熊本市南部を流れる加勢川は、水前寺成就園(水前寺公園)の湧き水から始り一級河川の緑川と合流し有明海に注ぎます。この加勢川は川幅が狭く蛇行しており、氾濫しやすい川のため昭和初期に河川の大改修が行われました。
改修工事により、緑川との合流地点近くに大きな堰が造られたため漁船が航行できなくなってしまいました。そこで加勢川の横を流れる緑川を経由する良い方法はないかと検討されたのですが、一つ問題がありました。加勢川と緑川は水位が違うため直結はできません。そこで二つの川の水位調節のできる運河が考案され、完成したが中無田閘門(なかむたこうもん)です。
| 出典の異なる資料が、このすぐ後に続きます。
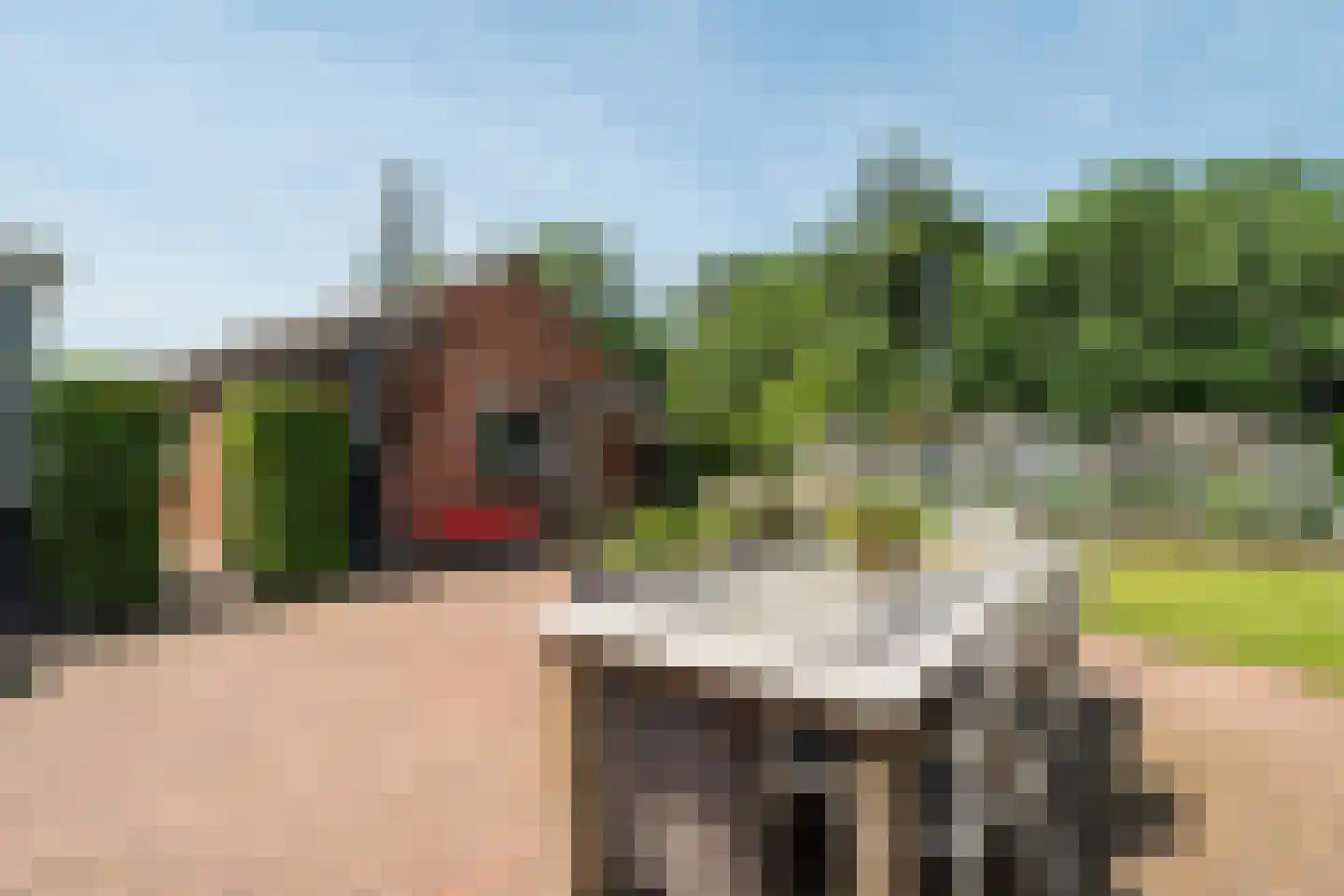 Zegwaartseweg 68 Zoetermeer thumbnail 35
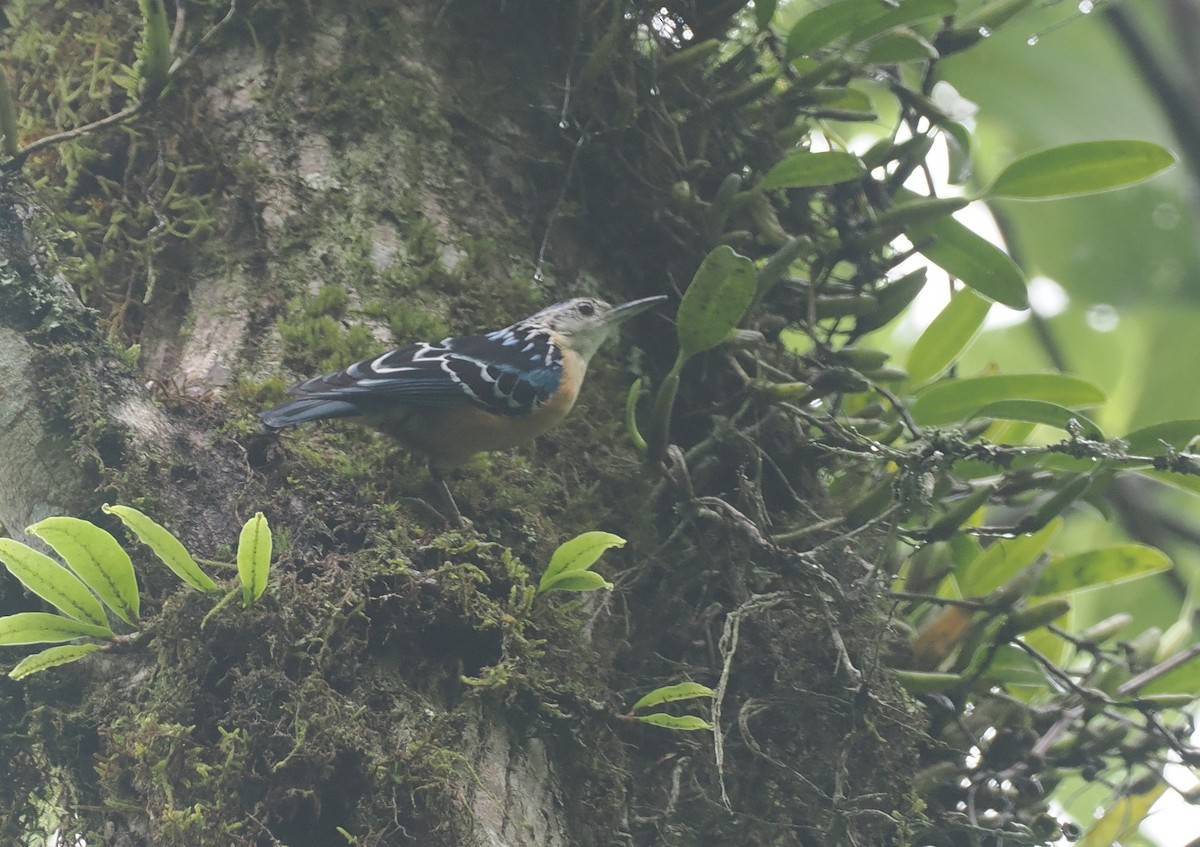 Beautiful Nuthatch - ML646461701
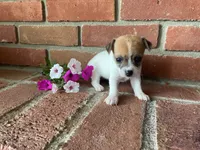 Petunia , a female Chihuahua for sale in Flora, IN – 1 of 5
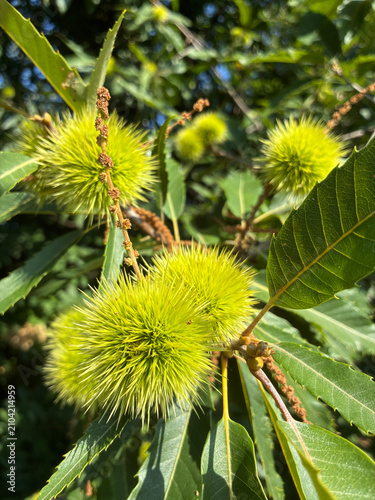 Cuadro en lienzo Fruits of the European chestnut during the ripening period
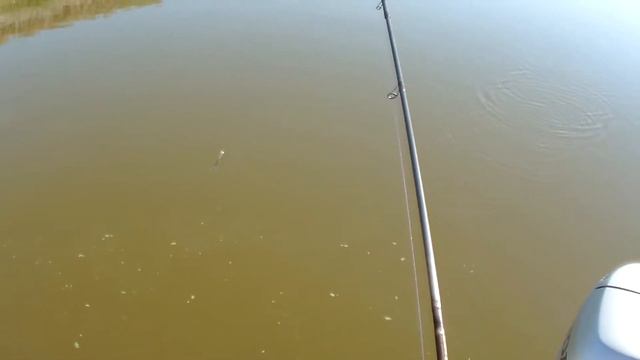 Август 2013, Ахтуба - Харабалык, Судачёк, Окунёк смотреть онлайн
閘門とは水位の高低差の大きい運河や河川などで船舶を通過させるために水量を調節するための水門のことです。水位の高い加勢川側(写真奥)の木製ゲートを開いて船が入り、ゲートを閉じ、水量調節をしてから手前のゲートを開け、緑川へ渡ります。季節により川の水位が違うため、水量調節には冬で30分、夏で1時間くらいかかるそうです。ちなみに木製ゲートが使われているのは、日本ではここだけだそうです。
太平洋と大西洋を結ぶパナマ運河の規模とは比べようもない可愛い運河ですが原理は同じですよね。昭和17年(1942年)に完成した「ミニパナマ運河」は今も現役で活躍しています。